A tetrapeptide class of biased analgesics from an Australian fungus targets the µ-opioid receptor
- Proc Natl Acad Sci U S A. 2019 Oct 29;116(44):22353-22358. doi: 10.1073/pnas.1908662116.
- 1. Institute for Molecular Bioscience, The University of Queensland, 4072 Brisbane, Australia.
- 2. Discipline of Pharmacology, School of Medical Sciences, University of Sydney, NSW 2006, Australia.
- 3. Schools of Physiology, Pharmacology and Neuroscience, and Biochemistry, Biomedical Sciences Building, University of Bristol, BS8 1TD Bristol, United Kingdom.
- 4. Microbial Screening Technologies Pty.
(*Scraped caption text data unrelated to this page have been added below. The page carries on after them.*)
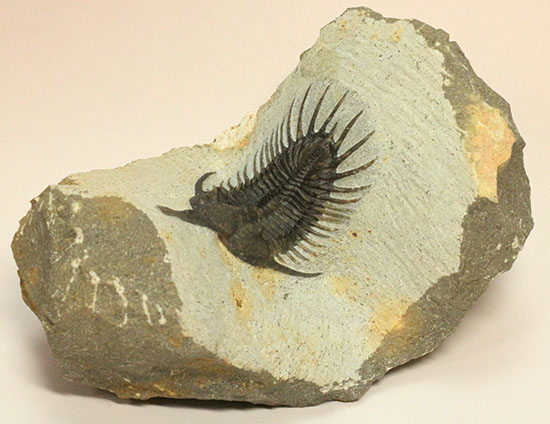 レア種の代表格！三葉虫シコピゲ 三葉虫 販売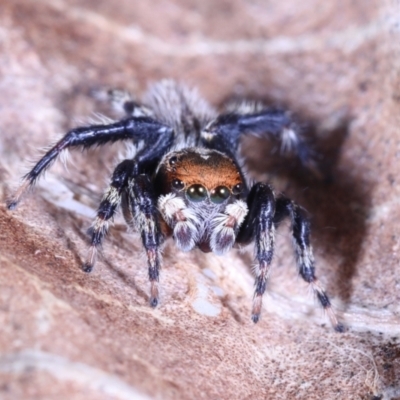 Unidentified Jumping or peacock spider (Salticidae) at Victoria Point, QLD - 7 Oct 2022 by smithga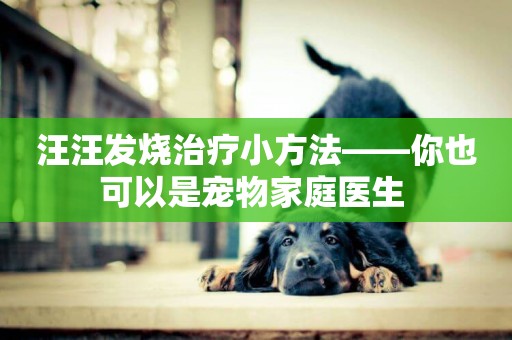 汪汪發燒治療小方法——你也可以是寵物家庭醫生 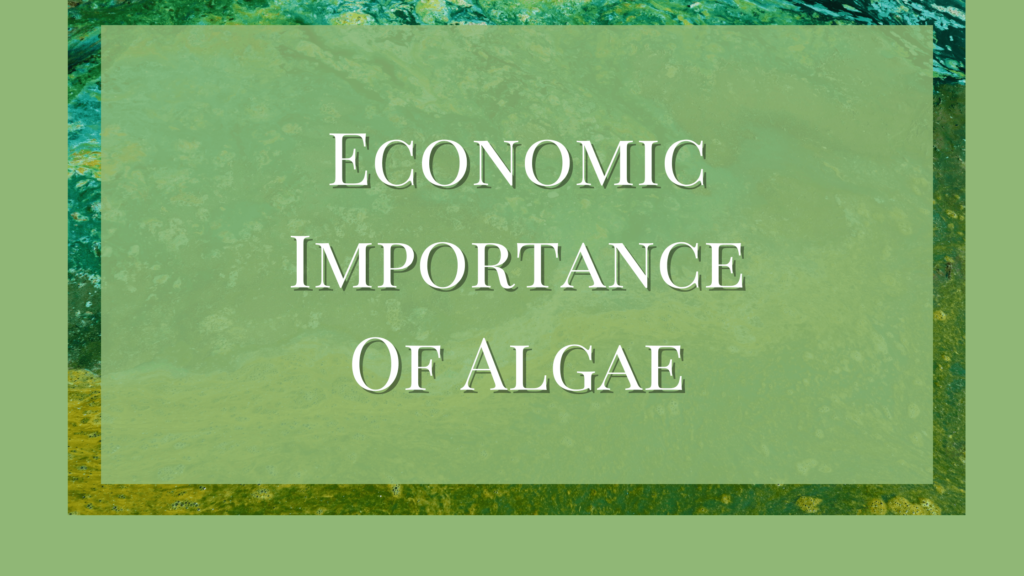 economic importance of algae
Ltd., Smithfield, NSW, 2164, Australia.
- 5. Drug Discovery Biology Theme, Monash Institute of Pharmaceutical Sciences, Monash University, 3052 Parkville, Australia.
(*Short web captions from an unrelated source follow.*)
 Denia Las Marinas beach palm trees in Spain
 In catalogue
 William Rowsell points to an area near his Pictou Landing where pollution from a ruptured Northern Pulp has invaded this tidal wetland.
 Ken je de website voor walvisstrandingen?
- 6. Institute for Molecular Bioscience, The University of Queensland, 4072 Brisbane, Australia; [email protected] [email protected] [email protected].
- 7. Discipline of Pharmacology, School of Medical Sciences, University of Sydney, NSW 2006, Australia; [email protected] [email protected] [email protected].
An Australian estuarine isolate of Penicillium sp. MST-MF667 yielded 3 tetrapeptides named the bilaids with an unusual alternating LDLD chirality. Given their resemblance to known short peptide opioid agonists, we elucidated that they were weak (Ki low micromolar) μ-opioid agonists, which led to the design of bilorphin, a potent and selective μ-opioid receptor (MOPr) agonist (Ki 1.1 nM). In sharp contrast to all-natural product opioid peptides that efficaciously recruit β-arrestin, bilorphin is G protein biased, weakly phosphorylating the MOPr and marginally recruiting β-arrestin, with no receptor internalization. Importantly, bilorphin exhibits a similar G protein bias to oliceridine, a small nonpeptide with improved overdose safety. Molecular dynamics simulations of bilorphin and the strongly arrestin-biased endomorphin-2 with the MOPr indicate distinct receptor interactions and receptor conformations that could underlie their large differences in bias. Whereas bilorphin is systemically inactive, a glycosylated analog, bilactorphin, is orally active with similar in vivo potency to morphine. Bilorphin is both a unique molecular tool that enhances understanding of MOPr biased signaling and a promising lead in the development of next generation analgesics.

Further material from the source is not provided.